Marc Andrew Koska OBE (born 14 March 1961) is best known for inventing the non-reusable K1 auto-disable syringe, thus preventing the medical transmission of blood-borne diseases.

==Education==
Koska attended Stowe School, a boarding independent school for boys (now co-educational), in the village of Stowe (near Buckingham), in Buckinghamshire.

==Life and career==
===K1 Syringe===
In 1984 Koska read a newspaper article predicting the transmission of HIV through the reuse of needles and syringes. In order to find a solution, he studied how drug addicts used syringes in the UK, went to Geneva to learn about Public Health Policy, visited several syringe factories, studied plastic injection moulding, and read everything available on the transmission of viruses like HIV.

After a year of intense study, Koska concluded that syringe manufacture was the key to the problem. Koska designed a syringe (K1) that could be made on existing equipment with a small modification. It was made from the same materials and could be used in the same way as a normal syringe so that healthcare professionals would not have to retrain. K1 syringes cannot be used again so the next patient will also have a sterile and safe injection.

Koska recognised that new syringes were only one part of the solution. One must also teach the public about the dangers of reusing needles. In 2005 Koska founded The SafePoint Trust, a registered charity dedicated to educating children about this issue.

On 23 July 2009, Koska gave a lecture on his invention to TED Oxford:

===2008 India campaign===
In November 2008, Koska and a SafePoint Trust team led a major media and public-awareness campaign throughout India in an attempt to do something about the prevalence of unsafe injections and the resultant illness and death that they cause in that country. They travelled throughout India giving their One Injection, One Syringe message to the media at press conferences for over a week. In addition, a specially made PSA entitled Sachin (in both English and Hindi) was repeatedly shown on television channels, radio stations and cinemas across the country. Watch the Sachin PSA in English; Sachin PSA in Hindi. As a result, SafePoint's message achieved widespread coverage throughout India.

Koska then met with Anbumani Ramadoss, India's State Minister for Health, who decided to outlaw the use of ordinary syringes, making auto-disable syringes mandatory – initially in Central Government Hospitals with regional State-controlled facilities to follow and, later, in private hospitals as part of a second phase – throughout the whole of India.

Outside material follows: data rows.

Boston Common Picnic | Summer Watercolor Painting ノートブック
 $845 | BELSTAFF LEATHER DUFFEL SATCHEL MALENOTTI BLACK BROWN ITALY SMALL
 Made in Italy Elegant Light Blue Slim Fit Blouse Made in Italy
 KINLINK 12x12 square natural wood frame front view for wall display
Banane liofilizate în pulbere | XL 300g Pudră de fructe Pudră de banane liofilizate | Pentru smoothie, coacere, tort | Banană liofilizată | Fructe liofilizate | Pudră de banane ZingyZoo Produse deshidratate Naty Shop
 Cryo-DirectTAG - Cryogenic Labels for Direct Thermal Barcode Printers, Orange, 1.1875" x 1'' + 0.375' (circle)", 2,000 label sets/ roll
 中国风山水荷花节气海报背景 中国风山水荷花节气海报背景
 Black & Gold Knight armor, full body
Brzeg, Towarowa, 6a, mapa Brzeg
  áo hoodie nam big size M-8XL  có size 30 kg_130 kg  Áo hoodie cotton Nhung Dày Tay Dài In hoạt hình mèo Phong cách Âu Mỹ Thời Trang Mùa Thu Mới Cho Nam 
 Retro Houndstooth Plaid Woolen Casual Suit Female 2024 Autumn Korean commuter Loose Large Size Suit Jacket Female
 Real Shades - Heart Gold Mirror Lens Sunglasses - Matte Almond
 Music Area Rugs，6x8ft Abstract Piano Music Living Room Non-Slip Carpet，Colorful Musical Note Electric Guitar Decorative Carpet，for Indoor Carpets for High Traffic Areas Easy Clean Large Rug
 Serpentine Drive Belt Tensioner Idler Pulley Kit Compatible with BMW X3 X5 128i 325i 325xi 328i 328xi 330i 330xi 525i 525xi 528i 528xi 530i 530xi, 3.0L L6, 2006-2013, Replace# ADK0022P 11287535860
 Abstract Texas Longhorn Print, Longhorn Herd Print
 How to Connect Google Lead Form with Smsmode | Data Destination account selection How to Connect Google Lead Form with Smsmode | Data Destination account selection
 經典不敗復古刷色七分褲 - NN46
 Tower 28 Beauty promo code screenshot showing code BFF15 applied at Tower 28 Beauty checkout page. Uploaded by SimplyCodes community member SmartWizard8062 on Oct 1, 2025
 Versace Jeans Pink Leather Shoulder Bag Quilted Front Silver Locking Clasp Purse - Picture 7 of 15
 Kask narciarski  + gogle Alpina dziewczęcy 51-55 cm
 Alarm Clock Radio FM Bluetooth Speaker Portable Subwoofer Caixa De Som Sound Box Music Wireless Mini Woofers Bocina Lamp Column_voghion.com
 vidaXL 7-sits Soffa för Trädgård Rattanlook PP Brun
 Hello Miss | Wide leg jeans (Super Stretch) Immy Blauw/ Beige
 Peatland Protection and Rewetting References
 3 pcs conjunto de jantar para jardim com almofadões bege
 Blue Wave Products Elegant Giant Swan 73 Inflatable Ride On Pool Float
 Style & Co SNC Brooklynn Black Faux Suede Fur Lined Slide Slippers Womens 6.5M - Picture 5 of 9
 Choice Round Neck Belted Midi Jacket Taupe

Making the Point is a SafePoint-produced video report on the campaign, culminating in Dr Ramadoss's landmark decision.

Koska's SafePoint team is currently planning to target Africa next.

=== ApiJect Systems Corporation ===
In 2018, Marc Koska and Jay Walker co-founded ApiJect Systems, a medical technology company that creates single-use plastic injectors.

==Personal life==
As of 2001, Koska lives in East Sussex, England, with his wife Anna Koska and their three children.